So it’s no surprise, she said, that tensions are spilling over in the most unlikely places.
Over the past decade, Trump’s tenure in the political arena has stirred far more mayhem than a grandma’s profanities and arm-tugging. In June 2016, for instance, a Trump rally in downtown San Jose was the scene of a bloody melee of sucker punches, thrown bottles and burned MAGA hats once protesters showed up. After Trump lost reelection in 2020, his supporters stormed the U.S. Capitol trying to stop the certification of Joe Biden’s victory.
Still, Americans feel more stressed about this election than about the 2016 or 2020 elections, according to a national survey released last week by the psychological association.
Half of adults said tension around social and political topics makes them less likely to want to connect with other people, the study found. A third of adults said they have nothing in common with people who have different political opinions and that the political climate has caused strain with their family members.
Even Juan Hernandez of Santa Clara, whose nose was broken by protesters while attending the 2016 Trump rally in his MAGA hat, senses a deeper animosity now than eight years ago.

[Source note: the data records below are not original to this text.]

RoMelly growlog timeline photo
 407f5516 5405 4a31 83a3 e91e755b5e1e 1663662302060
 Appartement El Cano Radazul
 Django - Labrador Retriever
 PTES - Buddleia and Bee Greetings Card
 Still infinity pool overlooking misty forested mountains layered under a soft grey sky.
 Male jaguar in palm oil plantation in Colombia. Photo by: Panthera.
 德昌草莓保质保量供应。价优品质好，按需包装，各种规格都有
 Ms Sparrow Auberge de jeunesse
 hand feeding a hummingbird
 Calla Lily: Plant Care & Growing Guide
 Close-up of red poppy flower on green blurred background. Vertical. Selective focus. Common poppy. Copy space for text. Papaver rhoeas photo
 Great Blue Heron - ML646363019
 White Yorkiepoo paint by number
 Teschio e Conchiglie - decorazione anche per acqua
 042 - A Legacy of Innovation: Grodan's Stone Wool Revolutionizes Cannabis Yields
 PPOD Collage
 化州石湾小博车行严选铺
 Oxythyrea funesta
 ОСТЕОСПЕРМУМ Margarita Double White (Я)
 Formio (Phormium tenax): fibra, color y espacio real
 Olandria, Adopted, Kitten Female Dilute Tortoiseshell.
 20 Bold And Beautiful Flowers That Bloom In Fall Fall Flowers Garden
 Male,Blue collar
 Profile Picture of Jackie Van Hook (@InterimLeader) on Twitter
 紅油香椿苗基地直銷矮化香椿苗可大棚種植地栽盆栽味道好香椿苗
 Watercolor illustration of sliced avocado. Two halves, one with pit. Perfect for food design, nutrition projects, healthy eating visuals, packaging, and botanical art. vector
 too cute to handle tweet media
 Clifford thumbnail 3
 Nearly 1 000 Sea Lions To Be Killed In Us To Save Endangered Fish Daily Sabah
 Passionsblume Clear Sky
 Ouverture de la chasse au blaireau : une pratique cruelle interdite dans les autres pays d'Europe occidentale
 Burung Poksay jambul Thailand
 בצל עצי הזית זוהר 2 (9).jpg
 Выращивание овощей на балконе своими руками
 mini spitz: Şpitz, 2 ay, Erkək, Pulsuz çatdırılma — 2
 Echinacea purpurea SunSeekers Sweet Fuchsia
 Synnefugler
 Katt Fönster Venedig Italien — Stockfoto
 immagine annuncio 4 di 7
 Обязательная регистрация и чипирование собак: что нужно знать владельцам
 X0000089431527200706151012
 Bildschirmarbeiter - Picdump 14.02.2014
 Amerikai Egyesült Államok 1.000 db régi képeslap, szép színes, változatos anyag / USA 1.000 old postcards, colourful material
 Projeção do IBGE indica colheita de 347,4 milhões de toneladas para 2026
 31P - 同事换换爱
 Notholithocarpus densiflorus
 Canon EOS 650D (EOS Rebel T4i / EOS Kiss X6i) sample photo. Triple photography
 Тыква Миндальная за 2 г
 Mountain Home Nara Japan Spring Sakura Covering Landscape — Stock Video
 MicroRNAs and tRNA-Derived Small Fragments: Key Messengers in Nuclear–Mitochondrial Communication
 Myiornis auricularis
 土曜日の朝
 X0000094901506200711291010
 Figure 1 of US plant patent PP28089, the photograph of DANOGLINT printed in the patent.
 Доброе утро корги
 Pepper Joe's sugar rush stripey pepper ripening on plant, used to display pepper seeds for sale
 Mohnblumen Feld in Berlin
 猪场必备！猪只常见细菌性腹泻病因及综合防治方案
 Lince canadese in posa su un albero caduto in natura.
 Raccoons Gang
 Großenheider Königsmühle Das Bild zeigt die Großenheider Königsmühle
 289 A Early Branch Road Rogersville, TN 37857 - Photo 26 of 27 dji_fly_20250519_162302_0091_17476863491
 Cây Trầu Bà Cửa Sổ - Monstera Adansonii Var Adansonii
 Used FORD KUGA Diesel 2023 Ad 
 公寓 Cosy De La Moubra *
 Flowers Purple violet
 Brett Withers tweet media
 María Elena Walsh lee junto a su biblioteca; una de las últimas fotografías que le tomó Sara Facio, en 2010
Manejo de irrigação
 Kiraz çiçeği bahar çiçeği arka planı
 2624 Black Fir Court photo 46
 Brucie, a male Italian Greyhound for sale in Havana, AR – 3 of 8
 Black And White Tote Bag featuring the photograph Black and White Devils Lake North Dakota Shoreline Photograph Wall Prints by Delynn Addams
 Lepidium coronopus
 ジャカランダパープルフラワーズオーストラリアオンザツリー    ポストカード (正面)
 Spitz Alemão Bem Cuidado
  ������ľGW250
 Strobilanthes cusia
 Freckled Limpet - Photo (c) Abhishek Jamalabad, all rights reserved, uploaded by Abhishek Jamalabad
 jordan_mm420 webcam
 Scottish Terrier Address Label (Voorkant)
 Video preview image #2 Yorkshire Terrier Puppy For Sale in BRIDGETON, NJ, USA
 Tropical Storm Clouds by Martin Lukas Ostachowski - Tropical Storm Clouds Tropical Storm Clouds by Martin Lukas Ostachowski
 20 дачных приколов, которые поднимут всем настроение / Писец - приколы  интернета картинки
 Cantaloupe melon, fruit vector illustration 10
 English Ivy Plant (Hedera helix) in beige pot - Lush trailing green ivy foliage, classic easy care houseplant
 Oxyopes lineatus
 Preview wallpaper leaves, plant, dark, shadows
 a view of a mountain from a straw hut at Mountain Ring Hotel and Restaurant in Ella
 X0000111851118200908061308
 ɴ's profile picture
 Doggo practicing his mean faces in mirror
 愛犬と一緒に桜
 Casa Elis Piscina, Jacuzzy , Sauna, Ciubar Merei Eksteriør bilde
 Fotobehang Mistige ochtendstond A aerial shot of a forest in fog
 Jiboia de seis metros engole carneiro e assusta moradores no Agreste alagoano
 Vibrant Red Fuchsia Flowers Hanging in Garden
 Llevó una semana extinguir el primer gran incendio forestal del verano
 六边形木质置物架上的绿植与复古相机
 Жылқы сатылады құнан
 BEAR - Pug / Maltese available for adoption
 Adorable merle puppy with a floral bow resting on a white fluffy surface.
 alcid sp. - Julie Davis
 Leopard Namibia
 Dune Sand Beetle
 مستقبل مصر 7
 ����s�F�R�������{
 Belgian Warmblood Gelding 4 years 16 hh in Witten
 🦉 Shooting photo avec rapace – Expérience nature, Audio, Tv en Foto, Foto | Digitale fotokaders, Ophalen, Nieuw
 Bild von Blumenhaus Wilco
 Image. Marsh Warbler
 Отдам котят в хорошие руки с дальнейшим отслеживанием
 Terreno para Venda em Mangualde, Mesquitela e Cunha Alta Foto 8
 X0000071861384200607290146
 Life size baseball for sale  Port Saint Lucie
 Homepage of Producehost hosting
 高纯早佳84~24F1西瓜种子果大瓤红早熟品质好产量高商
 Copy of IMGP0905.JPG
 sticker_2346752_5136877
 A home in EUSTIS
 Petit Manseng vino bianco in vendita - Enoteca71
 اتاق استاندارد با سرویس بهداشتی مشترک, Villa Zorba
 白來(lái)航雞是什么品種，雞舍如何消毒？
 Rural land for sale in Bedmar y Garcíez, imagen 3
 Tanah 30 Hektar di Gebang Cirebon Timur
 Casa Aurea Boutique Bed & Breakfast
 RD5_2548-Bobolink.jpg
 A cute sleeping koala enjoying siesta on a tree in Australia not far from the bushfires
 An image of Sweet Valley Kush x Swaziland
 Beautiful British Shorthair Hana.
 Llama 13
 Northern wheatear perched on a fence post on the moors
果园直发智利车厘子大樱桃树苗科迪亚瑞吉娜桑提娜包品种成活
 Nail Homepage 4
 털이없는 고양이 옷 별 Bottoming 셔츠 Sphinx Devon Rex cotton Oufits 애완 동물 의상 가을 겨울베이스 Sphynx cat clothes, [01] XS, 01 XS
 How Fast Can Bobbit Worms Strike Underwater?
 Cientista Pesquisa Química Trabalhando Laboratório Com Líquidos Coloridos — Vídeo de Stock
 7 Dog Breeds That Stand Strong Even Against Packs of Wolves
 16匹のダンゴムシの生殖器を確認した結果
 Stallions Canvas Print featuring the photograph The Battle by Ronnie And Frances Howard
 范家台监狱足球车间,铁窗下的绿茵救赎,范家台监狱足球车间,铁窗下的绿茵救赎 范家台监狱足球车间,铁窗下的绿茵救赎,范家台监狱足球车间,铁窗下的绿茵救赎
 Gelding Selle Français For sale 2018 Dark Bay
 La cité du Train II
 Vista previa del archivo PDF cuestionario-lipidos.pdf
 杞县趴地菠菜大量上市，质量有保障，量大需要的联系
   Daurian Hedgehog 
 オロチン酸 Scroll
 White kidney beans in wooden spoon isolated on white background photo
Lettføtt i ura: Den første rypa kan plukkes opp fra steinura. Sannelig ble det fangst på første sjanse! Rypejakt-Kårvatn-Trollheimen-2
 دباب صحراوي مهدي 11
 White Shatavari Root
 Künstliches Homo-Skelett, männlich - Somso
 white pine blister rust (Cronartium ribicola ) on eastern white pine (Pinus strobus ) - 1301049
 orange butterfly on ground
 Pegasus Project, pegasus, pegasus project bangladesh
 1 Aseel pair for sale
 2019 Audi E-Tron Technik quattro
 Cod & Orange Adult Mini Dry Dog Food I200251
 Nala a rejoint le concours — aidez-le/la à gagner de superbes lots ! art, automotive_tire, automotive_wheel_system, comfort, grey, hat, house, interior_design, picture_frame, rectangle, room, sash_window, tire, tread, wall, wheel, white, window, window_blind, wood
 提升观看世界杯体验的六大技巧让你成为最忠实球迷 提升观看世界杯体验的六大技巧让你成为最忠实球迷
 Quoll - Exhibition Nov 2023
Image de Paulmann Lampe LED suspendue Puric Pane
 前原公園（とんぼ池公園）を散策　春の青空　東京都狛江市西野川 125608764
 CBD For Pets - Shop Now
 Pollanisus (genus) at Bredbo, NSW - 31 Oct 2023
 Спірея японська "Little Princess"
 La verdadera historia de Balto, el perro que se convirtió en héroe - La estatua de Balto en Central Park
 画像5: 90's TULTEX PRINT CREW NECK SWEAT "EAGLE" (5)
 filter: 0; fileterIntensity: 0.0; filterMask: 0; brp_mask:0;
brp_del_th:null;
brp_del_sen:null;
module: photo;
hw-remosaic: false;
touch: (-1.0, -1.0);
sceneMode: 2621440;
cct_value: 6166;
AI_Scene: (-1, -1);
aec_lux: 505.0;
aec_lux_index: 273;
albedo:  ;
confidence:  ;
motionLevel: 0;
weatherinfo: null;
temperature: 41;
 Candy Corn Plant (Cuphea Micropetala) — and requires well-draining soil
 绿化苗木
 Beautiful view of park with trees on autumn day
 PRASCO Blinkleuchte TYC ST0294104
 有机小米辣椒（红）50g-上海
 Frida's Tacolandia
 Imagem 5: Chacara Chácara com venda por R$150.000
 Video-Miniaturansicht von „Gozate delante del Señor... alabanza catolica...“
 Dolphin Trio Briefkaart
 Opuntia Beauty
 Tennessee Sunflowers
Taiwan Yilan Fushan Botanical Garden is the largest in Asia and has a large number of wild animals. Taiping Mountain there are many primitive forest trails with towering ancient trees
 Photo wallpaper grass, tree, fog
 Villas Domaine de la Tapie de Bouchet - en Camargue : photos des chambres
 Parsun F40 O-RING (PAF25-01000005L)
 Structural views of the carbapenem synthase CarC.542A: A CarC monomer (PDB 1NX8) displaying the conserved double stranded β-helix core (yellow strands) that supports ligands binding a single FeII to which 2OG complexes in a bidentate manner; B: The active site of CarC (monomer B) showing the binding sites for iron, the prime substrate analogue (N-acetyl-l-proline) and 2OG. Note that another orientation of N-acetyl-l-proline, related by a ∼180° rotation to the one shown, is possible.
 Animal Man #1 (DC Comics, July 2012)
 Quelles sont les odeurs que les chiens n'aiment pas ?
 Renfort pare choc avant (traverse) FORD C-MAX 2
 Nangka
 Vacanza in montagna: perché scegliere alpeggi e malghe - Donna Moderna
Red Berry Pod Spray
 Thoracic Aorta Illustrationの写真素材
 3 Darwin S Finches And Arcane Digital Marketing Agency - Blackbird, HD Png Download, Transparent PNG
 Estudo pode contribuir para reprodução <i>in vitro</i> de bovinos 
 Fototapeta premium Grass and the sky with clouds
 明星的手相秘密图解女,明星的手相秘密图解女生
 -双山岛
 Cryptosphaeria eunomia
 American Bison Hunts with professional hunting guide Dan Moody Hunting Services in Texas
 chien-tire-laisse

“I talked to my manager and I’m like, ‘Can you please announce at the all-staff meeting that we don’t talk about politics the day after the election?’” said Hernandez, who works with an agency that helps the homeless in Santa Clara. “It’s like you’re an automatic racist if you vote for Trump. That’s how it is now — more than before.”
The same survey found that three in four adults said they were worried the election results could lead to violence, and more than half believed that the election could be the end of democracy in the United States.
Those sentiments were echoed at a Democratic Volunteer Center in Mountain View as more than 100 people prepared to board chartered buses before dawn Oct. 26 heading to Nevada for a final get-out-the-vote push for the Harris campaign.
“I don’t want to overstate the obvious, but Trump just scares the living daylights out of me,” said Larry Frey, 70, a film director for the tech industry.
Connie Chew, a retired paralegal from Fremont, was also worried — especially after working on a phone bank for weeks to the battleground states of Michigan, Wisconsin, Pennsylvania and Florida.
“A lot of people were just very negative,” said Chew, who was also heading to Reno. “They’d just cuss and say, F-this and F-that, and F-Kamala and F-everything.”
The end of her canvassing trip made her even more concerned about the election’s outcome when she and three of her fellow volunteers — decked out in their Harris-Walz gear — stepped into an Uber in Sparks on their way back to meet the buses. The driver told them they didn’t belong in Nevada, she said, and to “go back where they came from.”
A debate about Harris and Trump ensued, she said, escalating as the driver said “Trump is all for women’s rights,” and one of the passengers described Trump as a “sexual predator.”
“I felt her car speeding up, and I’m like, holy crap,” Chew said, “and that’s when I’m like, we need to just not talk politics in this car anymore.”
Despite the deadlocked polls, Republicans tend to be more confident Trump will defy the odds — like he did in 2016 — and win on Tuesday. But many still express concern.
“I’m terrified that Kamala could possibly win,” said Robert Rissel, a retired radiology technician volunteering at the Santa Clara County Republican Party headquarters in San Jose last week who said politics has caused a strain with his 40-year-old son in San Francisco. “If the Left is in here, it is going to change the entire country. And I think it will be a very leftist, Marxist takeover.”
Last Sunday at the farmers market, Rissel helped set up the Trump campaign booth with handmade signs hanging from the top that encouraged friendly discussion: “Let’s Talk” and “Let’s Listen.” The red and blue “Come See Us” sign was punctuated with a smiley face.
Tate, the Republican octogenarian, wasn’t the first to utter an obscenity. More than one anti-Trumper passing by let an F-bomb fly.
“I hate to say that to you,” she told the man with his wife pushing the stroller. “I know you’re a nice guy.”
The man was already turning away by then — perhaps his own way of de-escalating the situation.
But, with his adrenaline rushing, he turned back and faced her once again. He was a lawyer, he told her, and “I believe in the law and the Constitution. The man is a criminal. Thank you.”
As he stormed away, Tate followed, grabbing him briefly by the arm, before continuing a heated debate over juries finding Trump guilty of 34 felonies and liable for sexual abuse.
After they questioned each other’s news sources: “Do you watch Fox News?” he asked. “Do you watch CNN?” she responded, and they parted.
As for Hernandez, whose nose was broken during the San Jose melee in 2016, he is still planning to vote for Trump and likes the strength he projects. Still, there’s one aspect of the former president that leaves him disappointed.
“I just don’t see him unifying people,” he said. “And you know what? We need that.”